Defendant Michael Patryn admits the gold bars being held by RCMP are his; however, he denies they are connected to the Quadriga cryptocurrency scam. Now, a new law is being applied to compel him to explain their origins.
gold bars Getty
45 gold bars are among assets the B.C. Director of Civil Forfeiture is asking one man to explain the origins of their purchase.

The B.C. Director of Civil Forfeiture has filed a court application to compel alleged co-founder of Quadriga Fintech Solutions Michael Patryn to explain how he obtained $250,200, 45 gold bars and various pieces of jewelry, which were seized from a Vancouver bank on June 18, 2021.

This is the director’s third unexplained wealth order application, according to a statement from the Minister of Public Safety and Solicitor General Mike Farnworth.

Quadriga was a cryptocurrency exchange that collapsed and filed for creditor protection on Feb. 5, 2019 with more than 76,000 clients owed $215 million, according to findings from the Ontario Securities Commission, which determined now deceased co-founder Gerald Cotten committed fraud.

On June 13, 2023, the director filed a forfeiture claim against assets belonging to Patryn.

Aside from the cash and gold bars seized by RCMP from a CIBC safety deposit box, police also took watches and jewelry. Of the gold bars, three were one-kilogram bars, now valued at close to $100,000 each.

“The Money was bundled or packaged in a manner not consistent with standard banking practices,” the claim asserts.

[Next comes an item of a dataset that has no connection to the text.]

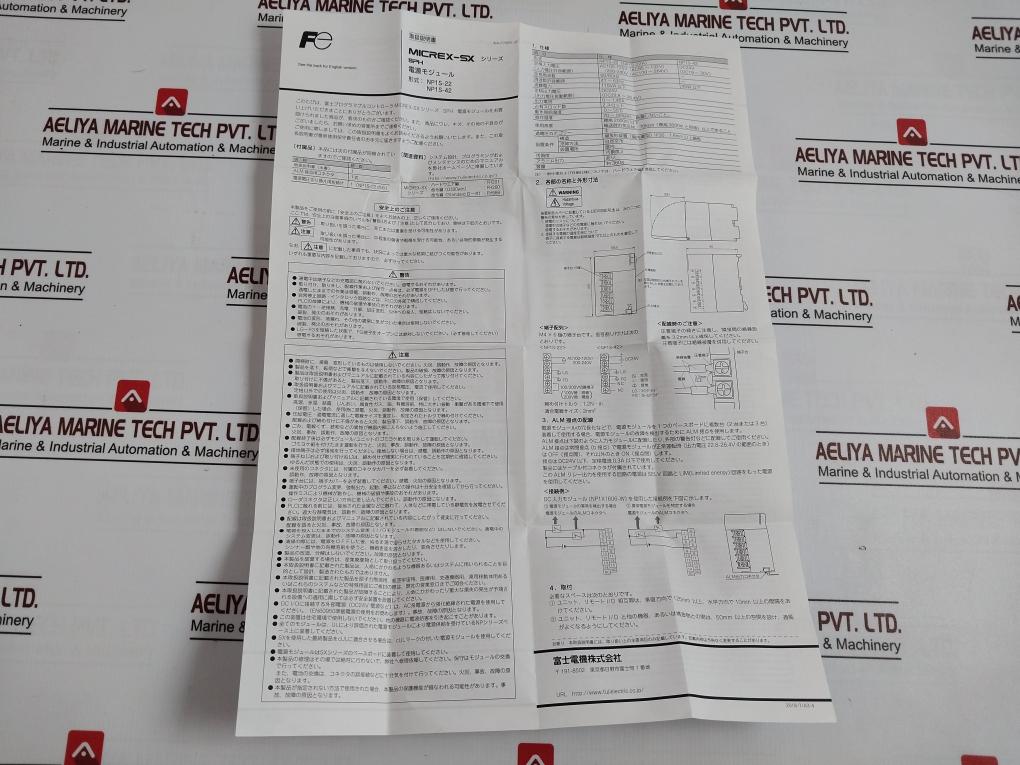 Fuji Electric Np1S-22 Power Supply Module Ac 100-120/200-240V 50/60Hz 110Va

The claim alleges Patryn was a co-founder of Quadriga CX and/or Quadriga Coin Exchange, which conducted business via 0984750 B.C. Ltd.

According to the claim, in January 2019, the RCMP commenced an investigation into Quadriga for fraud and determined that M. Patryn and G. Cotten: conducted unauthorized trades; altered, falsified, or omitted documents and records relating to customer accounts; and took possession of customer assets held by Quadriga for their own personal use and financial gain, including the safety deposit box items.

In response to the initial claim, via lawyer Alison Latimer, Patryn asserted he is the owner of the money, gold and jewelry but denies it is the proceeds of crime nor used to engage in unlawful activity. He also denied being the co-founder of Quadriga.

Patryn also claimed in his Oct. 13, 2023 response that a police investigation against him breached his Charter rights and as such “seeks exclusion of all evidence obtained by the RCMP or other police forces.”

Now, the director’s new application for an unexplained wealth order includes more detailed allegations, including alleged chat records between Cotten and Patryn showing they “discussed hacking and stealing from” Quadriga.

“If the plan is to burn QCX. We are stealing the funds and burning the brand. Why not sell some of the brand? Free money,” Patryn allegedly wrote to Cotten.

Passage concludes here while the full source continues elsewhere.